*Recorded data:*

*****

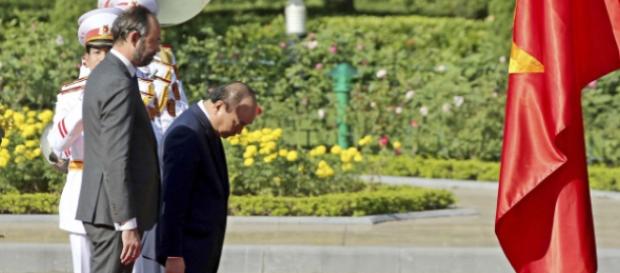 Édouard Philippe en déplacement au Viêtnam a rendu hommage au président communiste Ho Chi Minh Édouard Philippe en déplacement au Viêtnam a rendu hommage au président communiste Ho Chi Minh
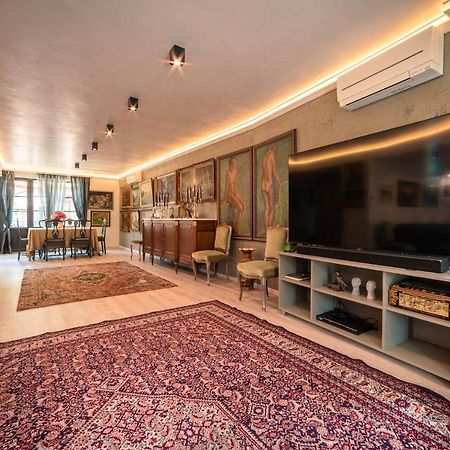 The Gallery Guest House - Garden And Garage فيليكو ترنوفو المظهر الخارجي الصورة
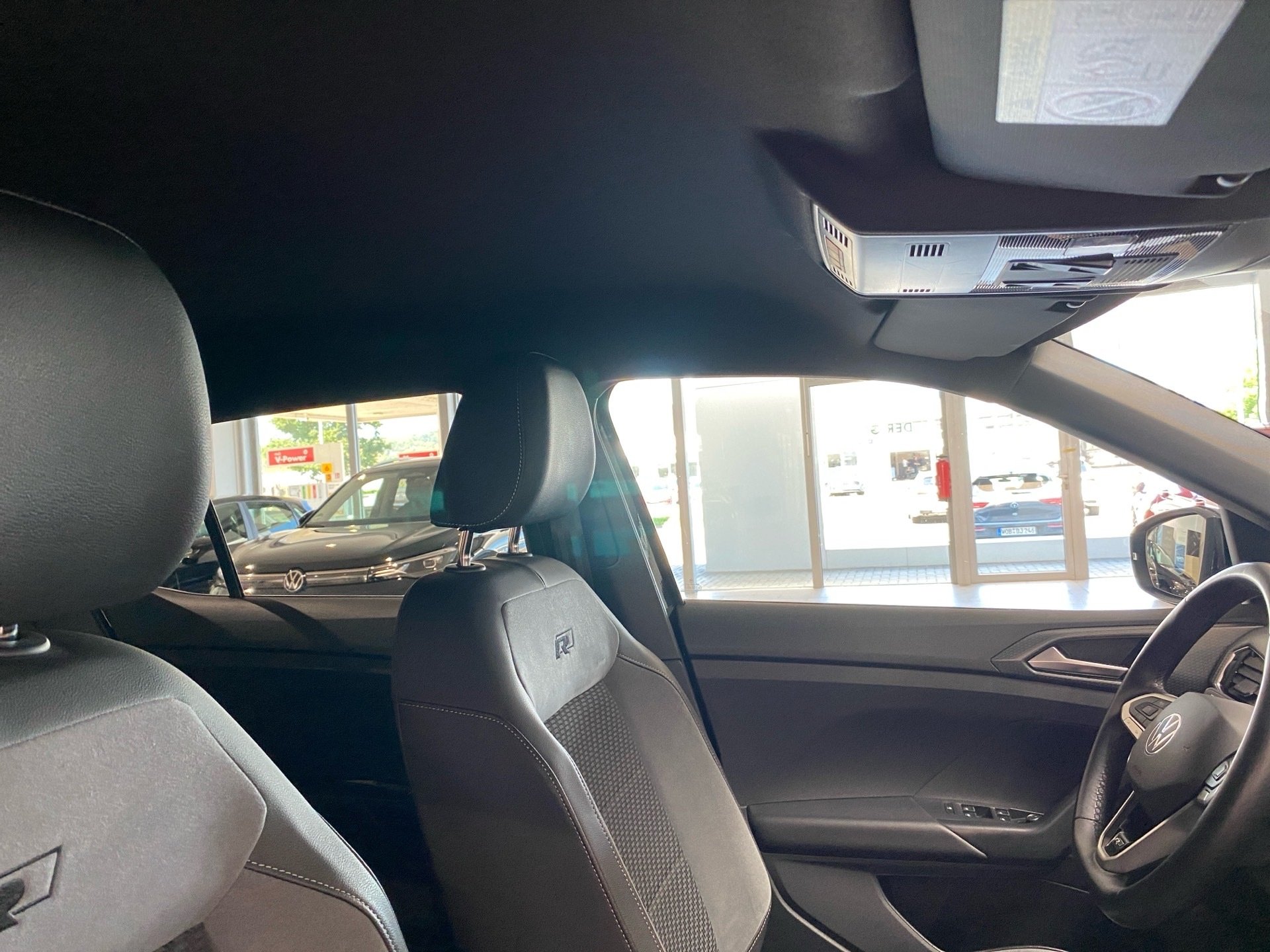 T-Cross 1.0 TSI R-Line DSG LED RFK Navi ACC PDC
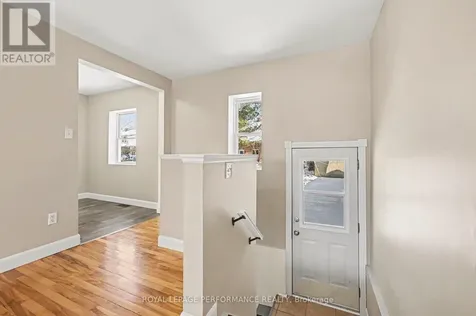975 Sheridan Avenue Ottawa ON K1Z 6M4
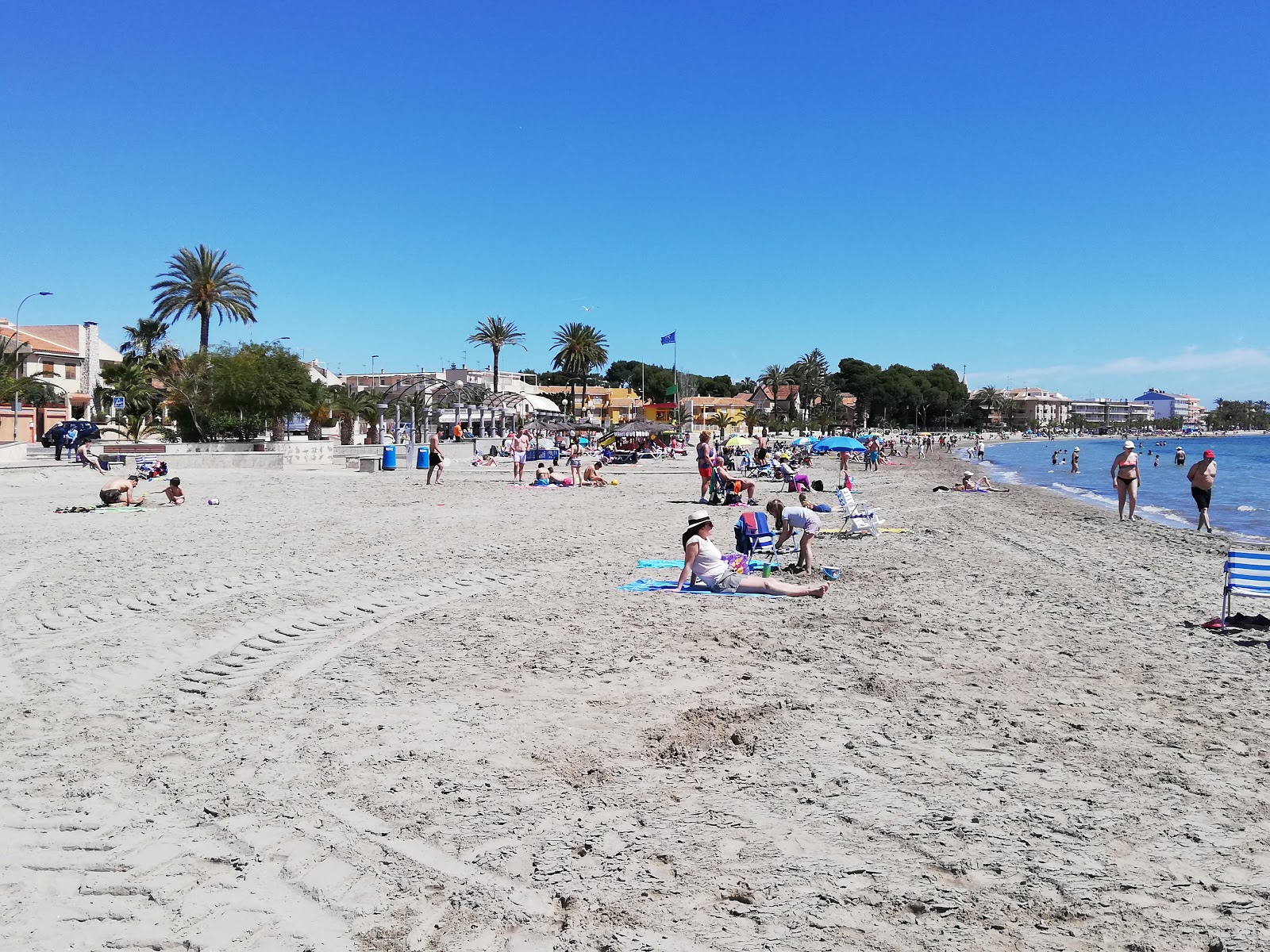 Foto av Playa el Castillico och bosättningen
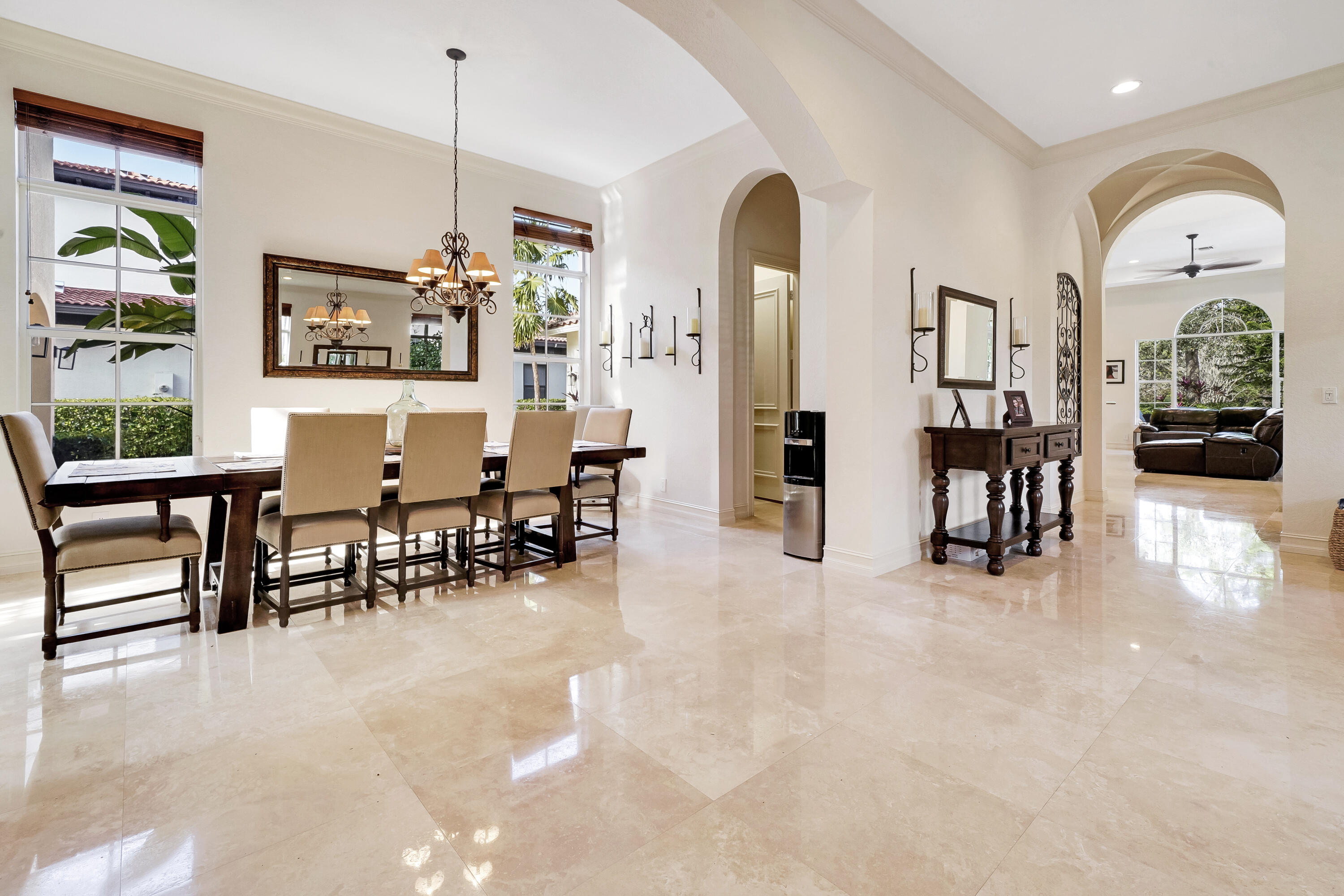 110 Villa Bella Jupiter, FL 33458 - Photo 3 of 79 23_Image_11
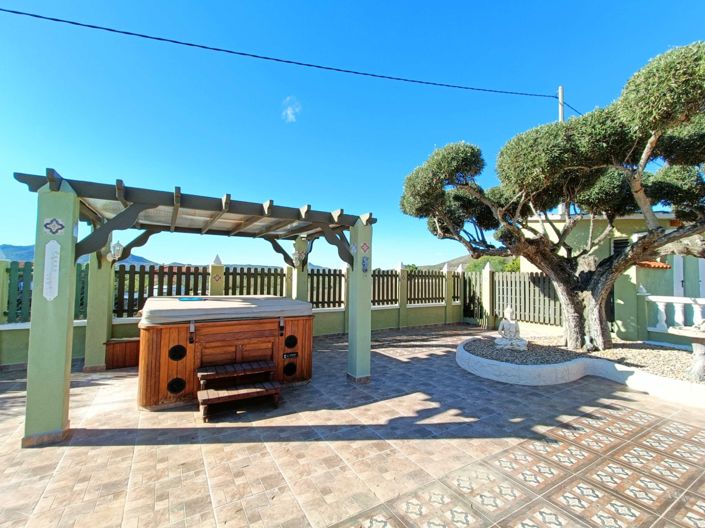 Image No.12-4 Bed Country House for sale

*****

*Work to be completed:*
Pictures are to be omitted; set down the rest of the entries exactly as given.

*Exercise answer:*
 Édouard Philippe en déplacement au Viêtnam a rendu hommage au président communiste Ho Chi Minh Édouard Philippe en déplacement au Viêtnam a rendu hommage au président communiste Ho Chi Minh
 The Gallery Guest House - Garden And Garage فيليكو ترنوفو المظهر الخارجي الصورة
 T-Cross 1.0 TSI R-Line DSG LED RFK Navi ACC PDC
975 Sheridan Avenue Ottawa ON K1Z 6M4
 Foto av Playa el Castillico och bosättningen
 110 Villa Bella Jupiter, FL 33458 - Photo 3 of 79 23_Image_11
 Image No.12-4 Bed Country House for sale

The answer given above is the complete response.